O juiz, do Partido Socialista Operário Espanhol, ficou famoso por ter conseguido a prisão do ditador chileno Augusto Pinochet. Numa visita anterior ao Senado brasileiro, ele também havia informado sobre duas ações que tramitam na Justiça espanhola, contra o genocídio chinês ao Tibete, esta acatada no mês passado pelo Tribunal Nacional da Espanha, e o genocídio aos praticantes do Falun Gong, uma prática de meditação tradicional chinesa.

Em seu discurso na solenidade de abertura do Fórum, na terça-feira(10) para mais de mil pessoas, Maria do Rosário defendeu a construção de uma sociedade global de direitos humanos. Perguntada sobre se o Brasil leva isso em consideração em suas relações econômicas internacionais, a ministra disse ao Epoch Times acreditar que sim.
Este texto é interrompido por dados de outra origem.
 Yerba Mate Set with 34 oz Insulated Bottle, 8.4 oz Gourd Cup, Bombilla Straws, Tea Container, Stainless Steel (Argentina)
“O Brasil é um país voltado à não ocupação territorial, protege a autodeterminação dos povos e não tem condições internacionais com nenhum país, nenhum povo, nenhuma nação”, afirmou a ministra, sem abordar as estreitas relações do país com regimes autoritários.

Promovida pela Secretaria de Direitos Humanos da Presidência da República e organizada por 700 organizações da sociedade civil, a primeira edição do Fórum Mundial de Direitos Humanos (FMDH) é dedicada ao líder sul-africano Nelson Mandela, falecido há uma semana, e conta com a participação de mais de 8 mil participantes provenientes de 80 países.

A solenidade de abertura, no dia 10, data de aniversário da 65 anos da Declaração Universal dos Direitos Humanos, contou com a presença do presidente em exercício Michel Temer, Maria do Rosário, o representante na América do Sul do Alto Comissariado da ONU para os Direitos Humanos, Ameringo Incalcaterra, o embaixador da África do Sul no Brasil, Mphakama Mbete, e show da cantora Daniela Mercury.

A presidente Dilma Rousseff entrega na tarde de hoje (12) a 19ª edição do Prêmio Direitos Humanos, do governo federal. Ela chegou ontem da África do Sul, onde participou de uma homenagem a Mandela. O ex-presidente Lula também deve marcar presença no Fórum nesta quinta-feira. Ele participa da atividade “A Defesa dos Direitos Humanos e o Combate à Fome”.